Arrival was founded in 2015 with a mission to make air clean by replacing all vehicles with affordable electric solutions - produced by local Microfactories. Six years and over 2,000 people later, we are driving the transition to electric vehicles globally by creating products that are zero-emission, more desirable, more sustainable and more equitable than ever before. Our in-house technologies enable our radical new method of design and production using rapidly-scalable, local Microfactories around the world. This method facilitates cities and governments in achieving their sustainability goals whilst also supercharging their communities. We are a technology company, a product company, a supply chain company, an automotive company, a mobility company, a fintech company and a service company - all rolled into one with a shared goal of true sustainability. This vertically integrated business model is how we can have the radical impact our world needs today. Arrival (NASDAQ: ARVL) is a joint stock company governed by Luxembourg law.

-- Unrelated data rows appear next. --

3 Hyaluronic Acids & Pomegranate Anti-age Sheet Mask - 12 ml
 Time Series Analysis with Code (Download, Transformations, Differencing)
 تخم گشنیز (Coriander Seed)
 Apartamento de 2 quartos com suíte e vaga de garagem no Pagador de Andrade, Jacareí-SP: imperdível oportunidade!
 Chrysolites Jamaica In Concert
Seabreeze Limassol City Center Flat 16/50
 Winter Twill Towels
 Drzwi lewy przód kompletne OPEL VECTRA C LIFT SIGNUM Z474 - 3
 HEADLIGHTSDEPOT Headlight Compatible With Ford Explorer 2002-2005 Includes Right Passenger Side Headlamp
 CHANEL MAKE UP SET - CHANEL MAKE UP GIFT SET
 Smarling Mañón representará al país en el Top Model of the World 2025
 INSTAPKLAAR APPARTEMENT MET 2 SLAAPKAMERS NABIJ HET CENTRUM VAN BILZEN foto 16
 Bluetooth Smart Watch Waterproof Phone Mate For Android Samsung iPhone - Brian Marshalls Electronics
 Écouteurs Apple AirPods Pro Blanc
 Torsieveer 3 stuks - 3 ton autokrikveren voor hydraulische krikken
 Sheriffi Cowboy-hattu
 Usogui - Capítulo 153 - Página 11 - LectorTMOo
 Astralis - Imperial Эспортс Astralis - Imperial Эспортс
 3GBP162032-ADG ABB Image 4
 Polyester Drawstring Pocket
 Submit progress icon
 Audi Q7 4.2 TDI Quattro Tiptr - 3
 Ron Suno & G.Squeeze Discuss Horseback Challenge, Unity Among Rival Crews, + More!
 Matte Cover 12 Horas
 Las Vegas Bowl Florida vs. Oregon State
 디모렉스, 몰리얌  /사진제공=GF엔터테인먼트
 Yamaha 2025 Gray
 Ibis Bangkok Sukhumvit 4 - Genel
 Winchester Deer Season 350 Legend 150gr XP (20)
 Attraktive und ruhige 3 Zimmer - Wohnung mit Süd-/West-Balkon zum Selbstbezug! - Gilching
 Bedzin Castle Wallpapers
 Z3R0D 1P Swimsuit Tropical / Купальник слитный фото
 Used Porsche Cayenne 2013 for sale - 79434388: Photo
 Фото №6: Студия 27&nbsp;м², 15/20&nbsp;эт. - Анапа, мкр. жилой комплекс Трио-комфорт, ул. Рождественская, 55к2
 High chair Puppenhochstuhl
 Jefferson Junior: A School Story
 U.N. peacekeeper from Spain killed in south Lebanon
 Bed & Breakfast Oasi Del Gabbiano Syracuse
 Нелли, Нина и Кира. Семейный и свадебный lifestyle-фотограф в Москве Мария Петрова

This press release contains certain forward-looking statements within the meaning of the federal securities laws. These forward-looking statements generally are identified by the words “believe,” “project,” “expect,” “anticipate,” “estimate,” “intend,” “strategy,” “future,” “opportunity,” “plan,” “may,” “should,” “will,” “would,” “will be,” “will continue,” “will likely result,” and similar expressions. Such statements are made pursuant to the safe harbor provisions of the Private Securities Litigation Reform Act of 1995 and are based on management’s belief or interpretation of information currently available. Forward-looking statements are predictions, projections and other statements about future events that are based on current expectations and assumptions and, as a result, are subject to risks and uncertainties. Many factors could cause actual future events to differ materially from the forward-looking statements in this document, including, market risks and uncertainties and the satisfaction of customary closing conditions for an offering of securities, as well as other risks and uncertainties described in the “Risk Factors” section of Arrival’s annual report on Form 20-F filed with the SEC on April 30, 2021 and other documents filed by Arrival with the SEC from time to time. Readers are cautioned not to put undue reliance on forward-looking statements, and Arrival assumes no obligation and does not intend to update or revise these forward-looking statements, whether as a result of new information, future events, or otherwise. Arrival does not give any assurance that Arrival will achieve its expectations.